Enquanto a linguagem parece referir-se ao Êxodo e narrativas subsequentes de Deus lidando com Israel, há também uma grande dose de originalidade na descrição. O profeta fala, por exemplo, de montanhas retorcendo-se e fragmentando-se e também de uma exibição de brilhante resplendor que encheu a terra e o céu. É melhor considerar todo o panorama de perturbações cósmicas que são o resultado da presença de Deus como sendo parte da visão do profeta.
3. De Temã . . . de Parã. Parã era a área deserta a oeste do Arabá e perto do sítio tradicional do Monte Sinai. Tema era a rochosa capital-fortaleza de Edom, mas o nome também indica o território a leste de Pará. Deus é representado aproximando-se em Juízo vindo do distrito onde Israel não só experimentara sua graça redentora mas também fizera aliança com ele. Também foram os distritos nos quais algumas das gerações incrédulas pereceram. Do seu louvor. Louvor aqui não se refere ao louvor enunciado pelos habitantes da terra, mas antes à excelência de Deus que merece o louvor de toda a criação.
4. Raios brilham da sua mão. A palavra hebraica “chifres” também é usada para descrever raios de luz, cujo significado parece óbvio aqui. Esses raios emanavam de ambos os lados. O centro de onde vinha esse brilho parecido como sol era o esconderijo do poder de Deus.
5. A peste, e a pestilência são fenômenos que acompanham o aproximar-se do senhor, como os relâmpagos e os trovões acompanham o aproximar-se de uma tempestade. Talvez o profeta veja a criação animada murchando diante de Deus, como se fosse ferida por um vento pestilento. Deixa um caminho chamuscado como se fosse cauterizado pelo fogo.
6. Ele pára. Jeová interrompeu Seu avanço para que pudesse examinar a terra, para determinar a espécie e grau de juízo a ser administrado. As montanhas tremiam e se desfaziam só por Deus tocar nelas. Aqui há um argumento a fortiori. Se as próprias rochas e montanhas que desafiaram a destruição do tempo desfaziam-se em nada sob o toque dos pés do Senhor, ou sob os seus olhos, então quem permanecerá no dia de Sua ira?
7. Cusã. Aceita-se de modo geral que Cusã é a Etiópia. Contudo é mais lógico supor que Cusã era a parte do território sobre o qual os midianitas vagavam e que foi de lá que veio Zípora, a esposa de Moisés, chamada de cusita.

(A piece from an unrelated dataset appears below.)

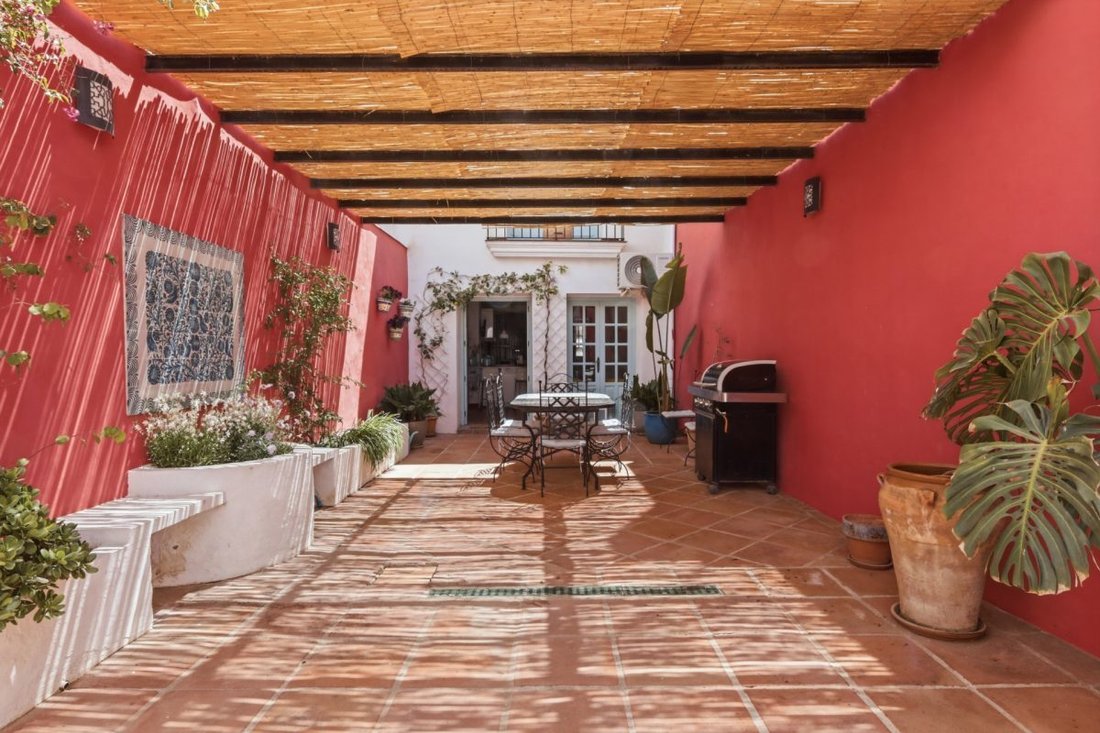 Townhouse in Estepona, Andalusia, Spain 2 - 18863273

8. Acaso é contra os fios, SENHOR?... A pergunta é retórica, calculada para levar a mente para o motivo verdadeiro da visitação do Senhor – a salvação. A salvação divina constitui, pode-se presumir, o tipo de livramento pelo qual o profeta orou no capítulo 1. Incluirá o livramento da violência e da malícia pelas quais os piedosos estão rodeados, de modo que a lei já não ficará mais relaxada. A salvação não é sinônimo daquilo que nos é oferecido em nosso Senhor Jesus Cristo, embora sob diversos aspectos seja uma prefiguração da obra do Messias.
9. E farta está a tua aljava de flechas. De todas as cláusulas da profecia inteira, esta é provavelmente a mais difícil de explicar. Pode ser uma interpolação, significando que a única esperança de Judá é a promessa convencional de Deus, particularmente a Aliança do Sinai ou Mosaica. Em um pequeno grupo de manuscritos antigos esta frase diz: E farta está a tua aljava de flechas, que tem bom sentido mas não tem o apoio dos melhores manuscritos hebraicos.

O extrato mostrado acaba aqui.